Problem description: Without the pictures, repeat all of the data exactly as it appears below.

#### Data segment ####

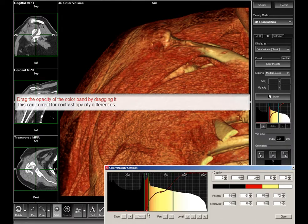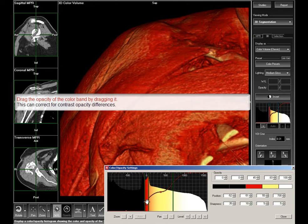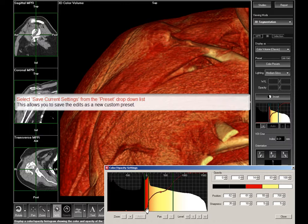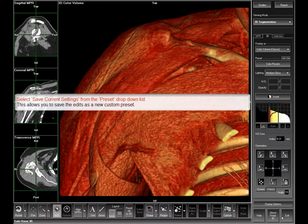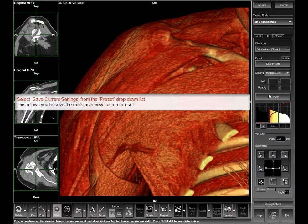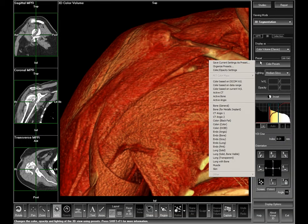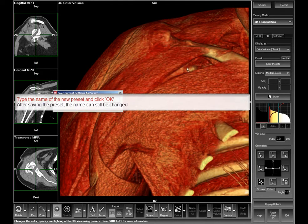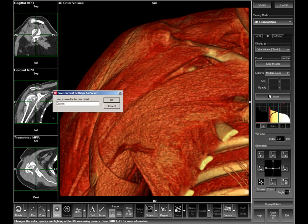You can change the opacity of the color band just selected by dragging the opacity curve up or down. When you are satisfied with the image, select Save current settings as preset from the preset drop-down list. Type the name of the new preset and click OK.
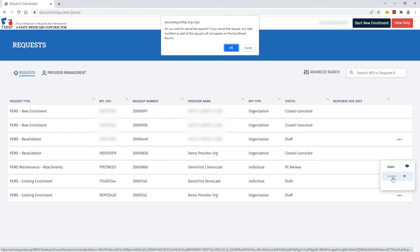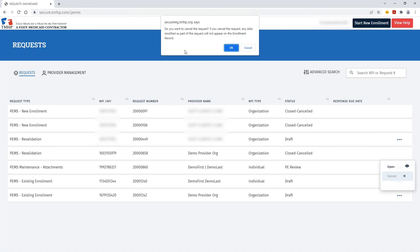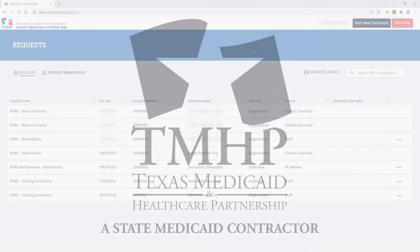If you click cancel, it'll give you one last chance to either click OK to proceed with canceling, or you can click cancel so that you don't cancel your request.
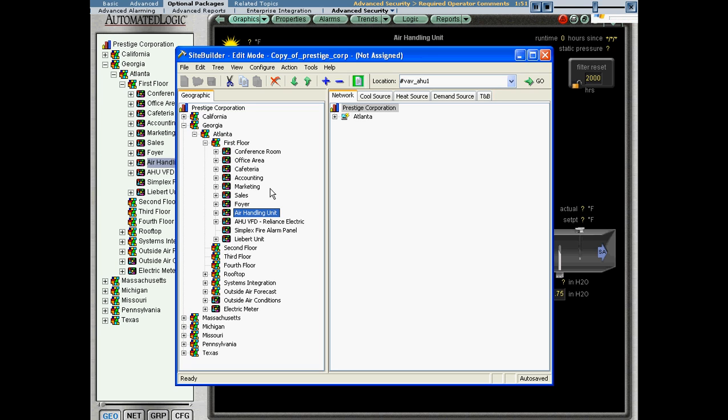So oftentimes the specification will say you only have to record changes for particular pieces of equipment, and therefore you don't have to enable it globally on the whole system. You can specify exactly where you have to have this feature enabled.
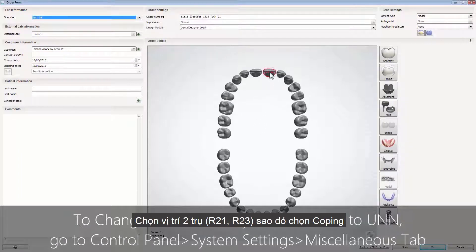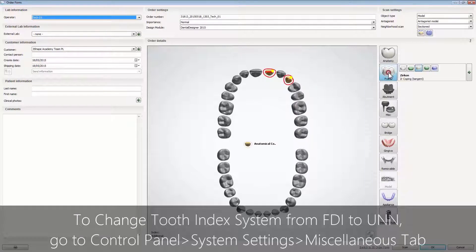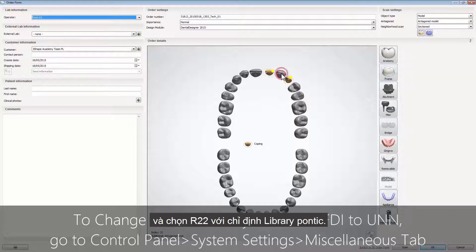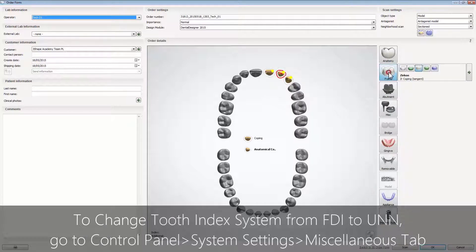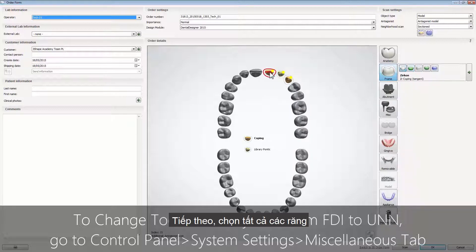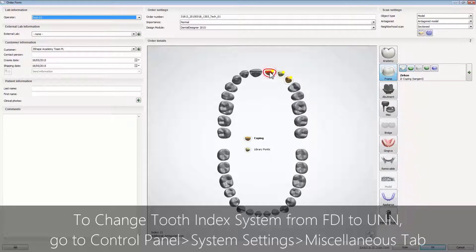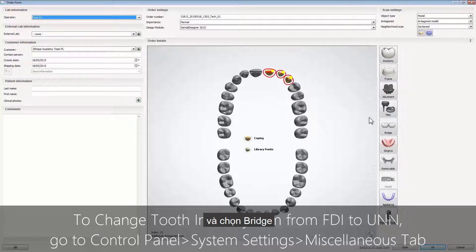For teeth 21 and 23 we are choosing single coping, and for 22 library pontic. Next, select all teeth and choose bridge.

####

Written reply:
You can change the opacity of the color band just selected by dragging the opacity curve up or down. When you are satisfied with the image, select Save current settings as preset from the preset drop-down list. Type the name of the new preset and click OK.
If you click cancel, it'll give you one last chance to either click OK to proceed with canceling, or you can click cancel so that you don't cancel your request.
So oftentimes the specification will say you only have to record changes for particular pieces of equipment, and therefore you don't have to enable it globally on the whole system. You can specify exactly where you have to have this feature enabled.
For teeth 21 and 23 we are choosing single coping, and for 22 library pontic. Next, select all teeth and choose bridge.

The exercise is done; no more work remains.